WHAT THIS TASK INVOLVES
Lift every line from the entries that includes the word "seamless".

MATERIALS PROVIDED
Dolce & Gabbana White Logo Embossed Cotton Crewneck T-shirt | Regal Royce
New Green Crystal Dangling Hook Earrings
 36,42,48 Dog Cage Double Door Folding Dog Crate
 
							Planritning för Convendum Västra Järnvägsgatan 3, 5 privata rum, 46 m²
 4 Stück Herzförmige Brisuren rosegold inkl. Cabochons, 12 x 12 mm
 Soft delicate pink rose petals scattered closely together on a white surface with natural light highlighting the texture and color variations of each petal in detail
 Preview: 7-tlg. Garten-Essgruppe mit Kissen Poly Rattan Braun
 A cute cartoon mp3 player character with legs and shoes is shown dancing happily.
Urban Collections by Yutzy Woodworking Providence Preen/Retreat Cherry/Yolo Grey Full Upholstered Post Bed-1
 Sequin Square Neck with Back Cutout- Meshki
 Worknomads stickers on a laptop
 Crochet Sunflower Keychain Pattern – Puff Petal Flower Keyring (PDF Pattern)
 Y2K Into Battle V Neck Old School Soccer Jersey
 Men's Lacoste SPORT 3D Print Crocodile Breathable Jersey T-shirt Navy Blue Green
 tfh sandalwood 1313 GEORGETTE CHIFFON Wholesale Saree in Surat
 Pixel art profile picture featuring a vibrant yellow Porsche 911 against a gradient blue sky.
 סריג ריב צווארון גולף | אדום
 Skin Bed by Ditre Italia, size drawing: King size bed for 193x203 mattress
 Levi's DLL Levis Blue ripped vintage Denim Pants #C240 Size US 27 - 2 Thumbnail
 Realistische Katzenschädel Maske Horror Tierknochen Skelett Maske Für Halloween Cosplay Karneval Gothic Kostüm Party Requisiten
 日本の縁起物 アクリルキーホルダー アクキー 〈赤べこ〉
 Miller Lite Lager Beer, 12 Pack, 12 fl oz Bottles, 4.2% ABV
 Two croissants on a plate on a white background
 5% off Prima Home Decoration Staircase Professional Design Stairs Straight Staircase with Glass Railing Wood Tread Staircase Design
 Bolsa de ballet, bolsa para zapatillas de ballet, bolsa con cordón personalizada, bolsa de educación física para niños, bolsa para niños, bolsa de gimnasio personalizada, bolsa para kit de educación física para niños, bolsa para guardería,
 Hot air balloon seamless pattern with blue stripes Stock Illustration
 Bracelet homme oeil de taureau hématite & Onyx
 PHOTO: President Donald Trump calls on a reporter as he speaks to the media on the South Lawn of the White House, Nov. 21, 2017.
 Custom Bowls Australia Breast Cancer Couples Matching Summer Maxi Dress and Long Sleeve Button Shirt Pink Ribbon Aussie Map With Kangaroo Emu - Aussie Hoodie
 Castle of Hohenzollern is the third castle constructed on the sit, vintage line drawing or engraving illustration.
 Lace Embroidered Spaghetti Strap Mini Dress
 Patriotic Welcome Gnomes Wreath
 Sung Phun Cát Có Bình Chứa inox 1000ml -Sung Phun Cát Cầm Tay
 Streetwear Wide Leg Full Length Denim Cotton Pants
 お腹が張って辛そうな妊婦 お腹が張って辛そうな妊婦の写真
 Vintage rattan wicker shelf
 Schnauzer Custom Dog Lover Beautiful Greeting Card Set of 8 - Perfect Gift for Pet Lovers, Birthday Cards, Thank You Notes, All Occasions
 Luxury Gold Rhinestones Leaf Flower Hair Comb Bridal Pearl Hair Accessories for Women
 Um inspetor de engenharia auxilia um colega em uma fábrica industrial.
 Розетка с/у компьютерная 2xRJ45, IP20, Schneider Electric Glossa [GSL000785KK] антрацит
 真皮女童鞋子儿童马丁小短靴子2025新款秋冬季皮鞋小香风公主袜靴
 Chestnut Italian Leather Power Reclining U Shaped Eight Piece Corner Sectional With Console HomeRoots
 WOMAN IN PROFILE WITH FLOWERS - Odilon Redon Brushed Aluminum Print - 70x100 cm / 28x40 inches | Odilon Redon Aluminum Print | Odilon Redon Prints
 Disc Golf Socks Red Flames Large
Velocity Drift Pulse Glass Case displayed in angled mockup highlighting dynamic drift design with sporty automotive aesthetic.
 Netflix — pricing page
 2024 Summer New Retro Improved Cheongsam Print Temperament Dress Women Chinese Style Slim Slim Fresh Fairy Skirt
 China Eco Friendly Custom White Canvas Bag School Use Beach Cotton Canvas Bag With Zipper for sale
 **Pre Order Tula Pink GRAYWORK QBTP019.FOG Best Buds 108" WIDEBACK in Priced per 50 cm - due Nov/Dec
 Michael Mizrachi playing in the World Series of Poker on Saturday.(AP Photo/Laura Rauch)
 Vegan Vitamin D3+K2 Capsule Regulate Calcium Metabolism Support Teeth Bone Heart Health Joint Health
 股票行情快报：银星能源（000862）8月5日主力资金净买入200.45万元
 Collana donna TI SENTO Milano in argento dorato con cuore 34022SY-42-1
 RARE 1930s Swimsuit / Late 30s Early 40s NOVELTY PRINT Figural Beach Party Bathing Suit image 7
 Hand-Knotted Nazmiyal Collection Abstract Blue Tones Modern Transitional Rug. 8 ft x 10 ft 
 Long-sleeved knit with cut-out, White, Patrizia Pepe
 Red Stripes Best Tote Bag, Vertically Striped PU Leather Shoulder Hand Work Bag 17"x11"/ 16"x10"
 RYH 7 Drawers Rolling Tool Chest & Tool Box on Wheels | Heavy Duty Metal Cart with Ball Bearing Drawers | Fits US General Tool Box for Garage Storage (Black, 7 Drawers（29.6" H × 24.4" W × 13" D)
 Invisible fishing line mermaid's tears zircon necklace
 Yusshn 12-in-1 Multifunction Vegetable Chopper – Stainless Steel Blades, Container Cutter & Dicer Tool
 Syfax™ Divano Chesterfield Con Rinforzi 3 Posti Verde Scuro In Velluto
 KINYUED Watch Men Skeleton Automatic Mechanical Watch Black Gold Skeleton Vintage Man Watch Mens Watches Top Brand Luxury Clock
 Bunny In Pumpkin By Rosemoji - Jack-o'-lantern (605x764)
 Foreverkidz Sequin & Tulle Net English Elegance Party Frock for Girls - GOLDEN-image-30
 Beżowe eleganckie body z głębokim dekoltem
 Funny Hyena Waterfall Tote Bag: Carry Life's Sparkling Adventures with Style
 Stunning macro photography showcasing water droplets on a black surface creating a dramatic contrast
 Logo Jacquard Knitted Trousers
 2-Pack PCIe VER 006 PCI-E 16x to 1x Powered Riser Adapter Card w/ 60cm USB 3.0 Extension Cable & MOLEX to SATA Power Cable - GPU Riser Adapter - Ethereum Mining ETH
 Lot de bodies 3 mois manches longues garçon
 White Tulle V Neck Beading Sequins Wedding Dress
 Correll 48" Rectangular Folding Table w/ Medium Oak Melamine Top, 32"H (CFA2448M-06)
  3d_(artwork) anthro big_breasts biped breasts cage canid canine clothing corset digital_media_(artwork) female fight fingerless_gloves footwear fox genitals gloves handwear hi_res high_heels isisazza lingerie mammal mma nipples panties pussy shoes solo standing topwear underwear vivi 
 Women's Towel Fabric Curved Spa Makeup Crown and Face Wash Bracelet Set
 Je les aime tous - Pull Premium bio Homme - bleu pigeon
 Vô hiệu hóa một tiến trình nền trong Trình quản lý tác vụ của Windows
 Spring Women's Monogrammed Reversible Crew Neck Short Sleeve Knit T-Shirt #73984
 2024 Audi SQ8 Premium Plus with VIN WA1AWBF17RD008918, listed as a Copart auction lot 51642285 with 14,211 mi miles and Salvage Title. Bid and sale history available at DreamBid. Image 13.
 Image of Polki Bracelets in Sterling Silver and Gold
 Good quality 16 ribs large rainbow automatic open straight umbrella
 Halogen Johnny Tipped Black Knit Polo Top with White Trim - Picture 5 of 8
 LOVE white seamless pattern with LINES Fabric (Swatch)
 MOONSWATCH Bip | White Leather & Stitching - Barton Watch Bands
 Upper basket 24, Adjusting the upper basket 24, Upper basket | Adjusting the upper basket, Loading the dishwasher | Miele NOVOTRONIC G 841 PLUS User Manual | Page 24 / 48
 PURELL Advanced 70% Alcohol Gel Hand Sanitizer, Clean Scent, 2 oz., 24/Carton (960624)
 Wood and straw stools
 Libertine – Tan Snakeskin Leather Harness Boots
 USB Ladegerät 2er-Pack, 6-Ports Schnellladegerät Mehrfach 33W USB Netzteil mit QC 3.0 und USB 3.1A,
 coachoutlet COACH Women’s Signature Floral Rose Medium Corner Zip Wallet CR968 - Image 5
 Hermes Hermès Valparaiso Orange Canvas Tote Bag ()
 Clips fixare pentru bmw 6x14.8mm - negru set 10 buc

ANSWER SECTION
 Hot air balloon seamless pattern with blue stripes Stock Illustration
 LOVE white seamless pattern with LINES Fabric (Swatch)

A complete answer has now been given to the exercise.